Restate word for word the entries below, starting with the line with "Wild dingo on" and continuing through the line with "Hobi Bahçesi Yasasında". Include both of those lines and no others.

§ PROVIDED RECORDS:
■ ■ ■ ■ ■ ■ ■
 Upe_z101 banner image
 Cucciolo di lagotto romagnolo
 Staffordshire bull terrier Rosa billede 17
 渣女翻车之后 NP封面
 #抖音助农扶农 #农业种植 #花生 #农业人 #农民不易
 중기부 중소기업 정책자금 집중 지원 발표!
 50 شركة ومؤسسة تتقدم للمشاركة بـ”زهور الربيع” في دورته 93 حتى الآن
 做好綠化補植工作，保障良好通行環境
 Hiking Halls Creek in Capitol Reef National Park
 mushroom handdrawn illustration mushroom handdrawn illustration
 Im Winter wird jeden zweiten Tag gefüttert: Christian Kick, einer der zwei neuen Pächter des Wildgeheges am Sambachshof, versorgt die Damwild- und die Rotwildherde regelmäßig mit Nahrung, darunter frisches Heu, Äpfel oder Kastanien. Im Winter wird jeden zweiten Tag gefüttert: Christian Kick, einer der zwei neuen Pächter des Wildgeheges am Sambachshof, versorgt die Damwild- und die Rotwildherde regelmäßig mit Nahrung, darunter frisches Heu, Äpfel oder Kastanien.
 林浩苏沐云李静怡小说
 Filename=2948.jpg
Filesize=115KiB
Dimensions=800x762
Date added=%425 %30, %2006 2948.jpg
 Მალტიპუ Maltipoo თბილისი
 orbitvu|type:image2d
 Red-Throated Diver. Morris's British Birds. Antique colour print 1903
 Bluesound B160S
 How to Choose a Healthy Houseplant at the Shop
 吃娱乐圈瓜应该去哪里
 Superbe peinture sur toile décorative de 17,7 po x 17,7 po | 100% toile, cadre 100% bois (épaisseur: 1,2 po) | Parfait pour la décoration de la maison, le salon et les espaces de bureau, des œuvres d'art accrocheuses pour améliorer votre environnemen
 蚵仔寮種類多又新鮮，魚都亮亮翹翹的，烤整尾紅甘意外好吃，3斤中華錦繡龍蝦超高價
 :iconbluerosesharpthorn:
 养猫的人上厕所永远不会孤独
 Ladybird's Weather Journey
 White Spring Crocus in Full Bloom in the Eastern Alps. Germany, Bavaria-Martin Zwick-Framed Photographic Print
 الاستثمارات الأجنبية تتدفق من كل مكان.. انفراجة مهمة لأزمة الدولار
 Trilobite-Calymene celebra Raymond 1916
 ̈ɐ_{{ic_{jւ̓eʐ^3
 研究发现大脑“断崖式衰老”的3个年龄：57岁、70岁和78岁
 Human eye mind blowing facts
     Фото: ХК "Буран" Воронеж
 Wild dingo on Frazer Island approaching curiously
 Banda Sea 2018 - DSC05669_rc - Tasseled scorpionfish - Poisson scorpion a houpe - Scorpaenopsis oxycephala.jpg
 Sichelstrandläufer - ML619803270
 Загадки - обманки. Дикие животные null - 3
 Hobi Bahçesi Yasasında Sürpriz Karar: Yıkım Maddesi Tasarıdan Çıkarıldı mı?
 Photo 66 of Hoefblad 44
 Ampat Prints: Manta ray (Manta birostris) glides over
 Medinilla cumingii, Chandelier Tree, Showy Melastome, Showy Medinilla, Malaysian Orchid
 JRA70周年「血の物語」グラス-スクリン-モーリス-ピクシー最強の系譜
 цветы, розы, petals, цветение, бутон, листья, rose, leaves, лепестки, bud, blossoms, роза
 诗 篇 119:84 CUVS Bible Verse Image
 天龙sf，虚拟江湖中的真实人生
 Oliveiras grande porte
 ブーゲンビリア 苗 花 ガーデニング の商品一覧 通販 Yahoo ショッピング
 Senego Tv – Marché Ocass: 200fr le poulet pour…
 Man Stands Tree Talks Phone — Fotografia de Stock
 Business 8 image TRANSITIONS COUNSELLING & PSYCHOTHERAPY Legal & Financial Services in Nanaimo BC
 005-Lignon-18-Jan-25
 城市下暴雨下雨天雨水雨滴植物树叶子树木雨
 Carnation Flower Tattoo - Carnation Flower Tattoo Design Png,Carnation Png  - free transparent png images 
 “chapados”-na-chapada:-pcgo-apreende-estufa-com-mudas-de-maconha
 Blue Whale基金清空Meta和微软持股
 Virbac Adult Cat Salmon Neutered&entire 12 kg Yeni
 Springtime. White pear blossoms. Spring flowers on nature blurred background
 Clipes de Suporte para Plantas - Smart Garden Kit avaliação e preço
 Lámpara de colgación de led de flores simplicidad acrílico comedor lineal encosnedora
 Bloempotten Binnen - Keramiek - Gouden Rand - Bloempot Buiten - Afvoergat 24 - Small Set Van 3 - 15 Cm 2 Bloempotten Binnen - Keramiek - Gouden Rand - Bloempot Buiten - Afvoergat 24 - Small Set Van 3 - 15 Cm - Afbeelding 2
■ ■ ■ ■ ■ ■ ■
§ ANSWER BOX:
 Wild dingo on Frazer Island approaching curiously
 Banda Sea 2018 - DSC05669_rc - Tasseled scorpionfish - Poisson scorpion a houpe - Scorpaenopsis oxycephala.jpg
 Sichelstrandläufer - ML619803270
 Загадки - обманки. Дикие животные null - 3
 Hobi Bahçesi Yasasında Sürpriz Karar: Yıkım Maddesi Tasarıdan Çıkarıldı mı?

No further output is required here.